• **Required work**
After locating the line with "LAKIUU纳米棉签嫁接专用改妆擦卸妆超细尖头美睫纹绣清洁棉棒" below, output it and each following line exactly, stopping after the line with "HyperEdit ҏW". No pictures.

• **Data records**
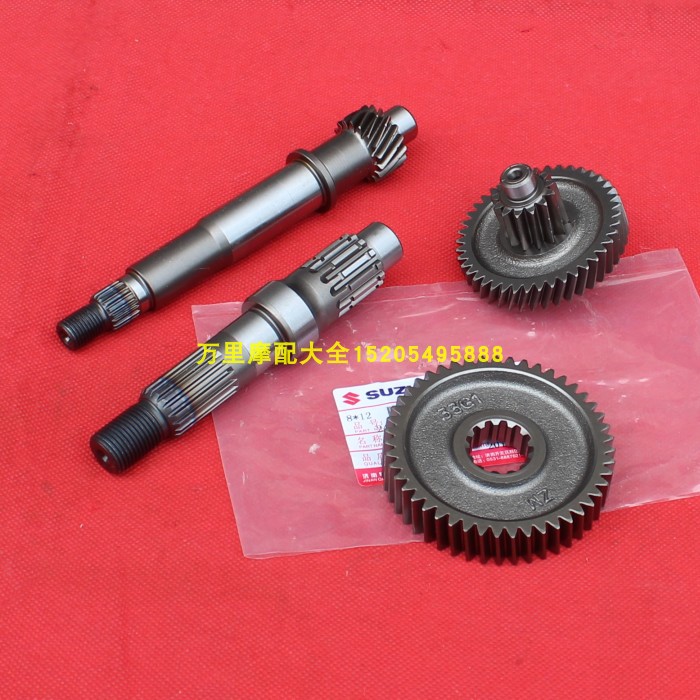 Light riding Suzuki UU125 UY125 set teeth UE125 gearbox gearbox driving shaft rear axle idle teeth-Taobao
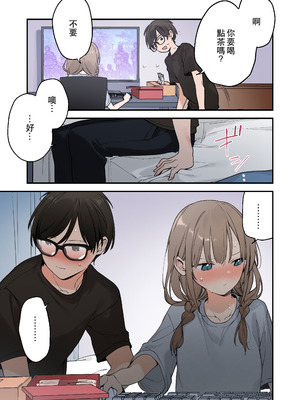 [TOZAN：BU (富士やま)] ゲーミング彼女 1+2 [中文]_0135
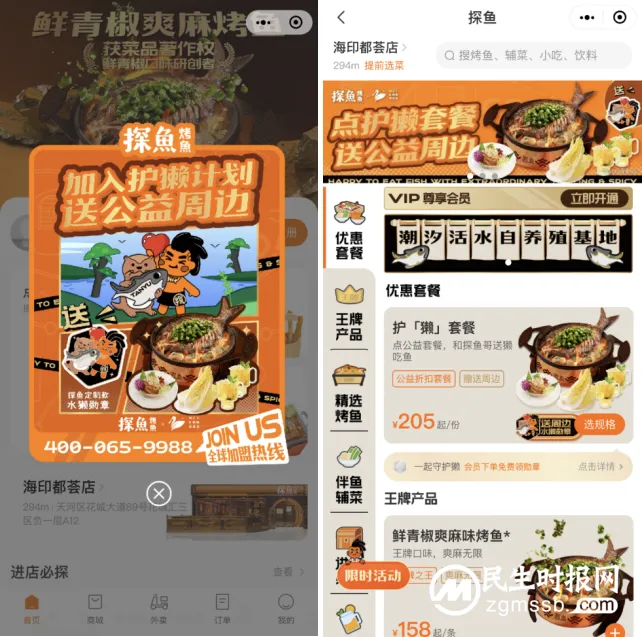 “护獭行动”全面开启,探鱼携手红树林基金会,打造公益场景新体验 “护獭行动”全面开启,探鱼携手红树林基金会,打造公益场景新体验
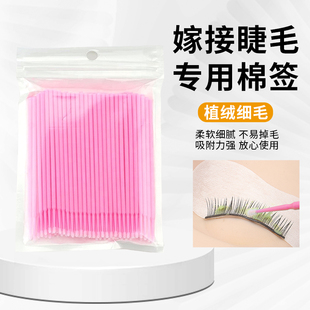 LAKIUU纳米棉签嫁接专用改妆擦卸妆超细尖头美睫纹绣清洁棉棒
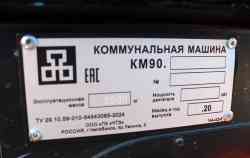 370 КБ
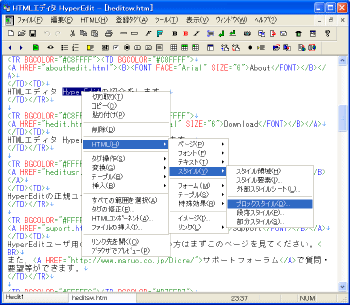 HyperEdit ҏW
--
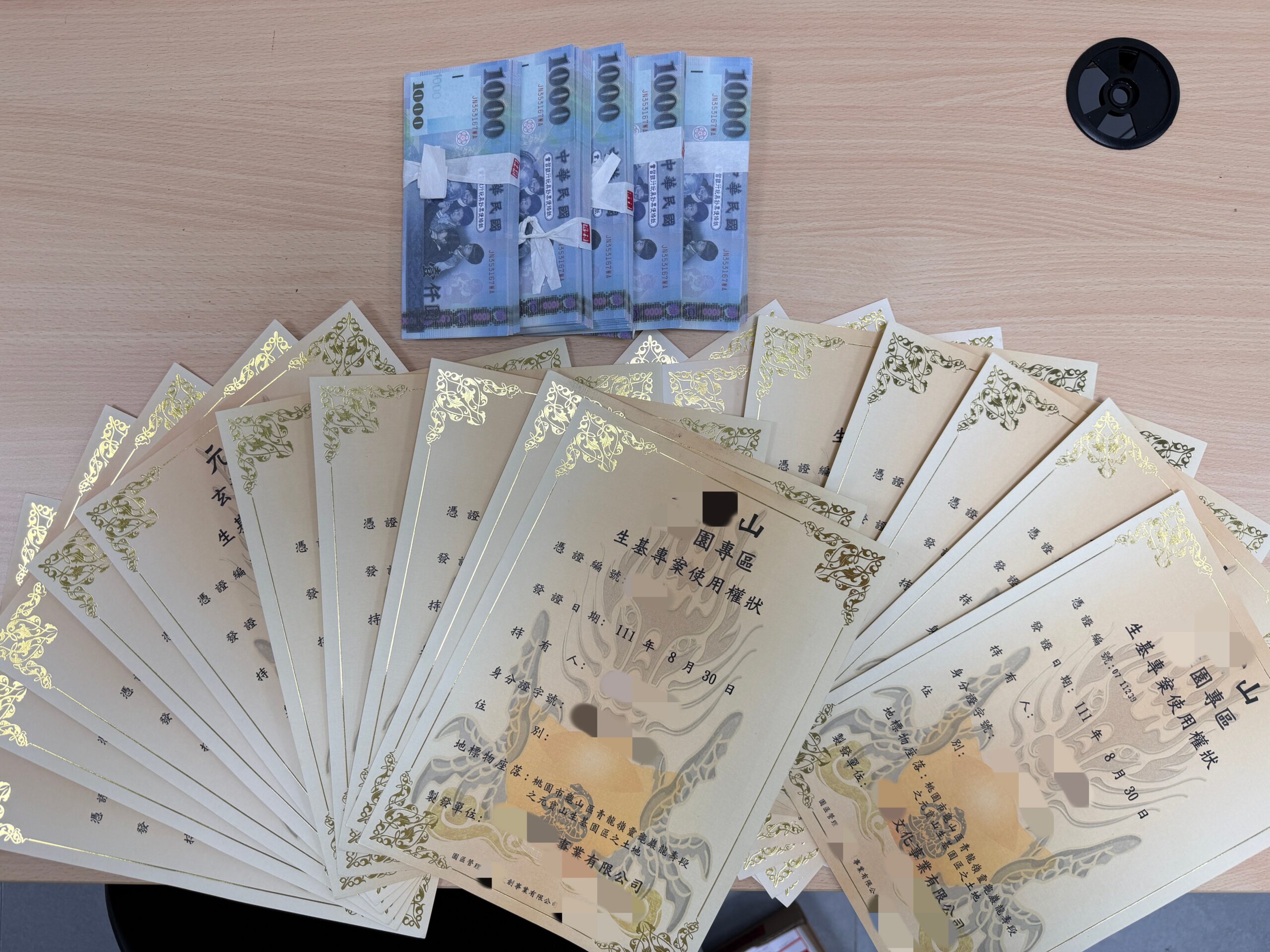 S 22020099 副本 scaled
...
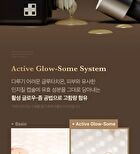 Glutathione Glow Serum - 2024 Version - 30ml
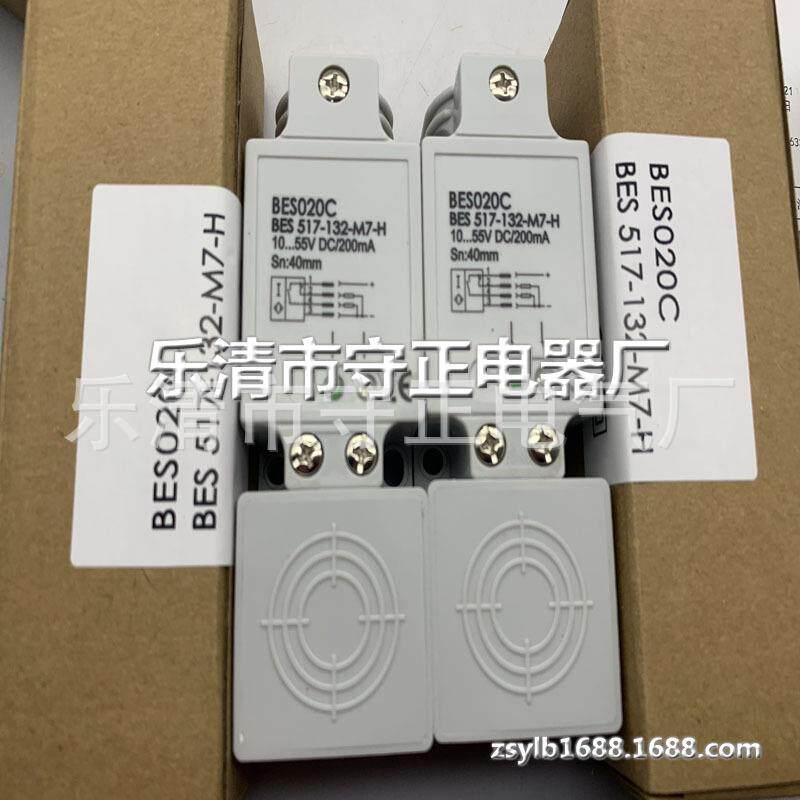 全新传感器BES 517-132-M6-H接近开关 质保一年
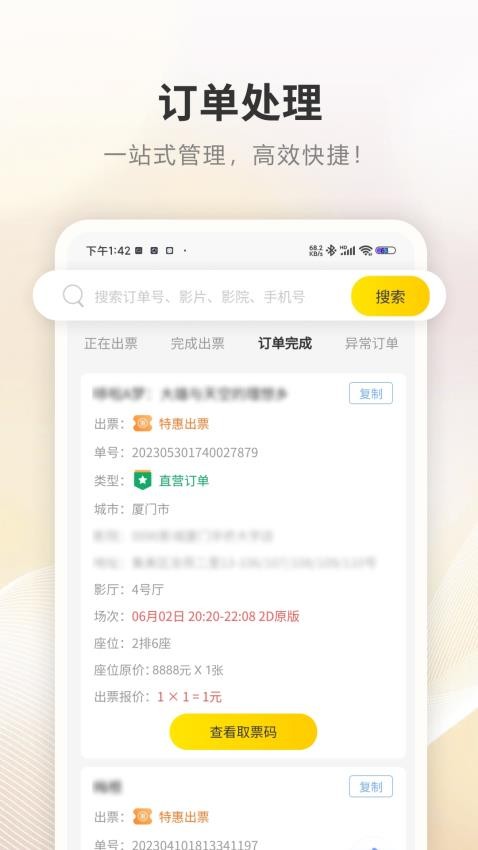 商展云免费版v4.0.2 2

• **Output of the task**
 LAKIUU纳米棉签嫁接专用改妆擦卸妆超细尖头美睫纹绣清洁棉棒
 370 КБ
 HyperEdit ҏW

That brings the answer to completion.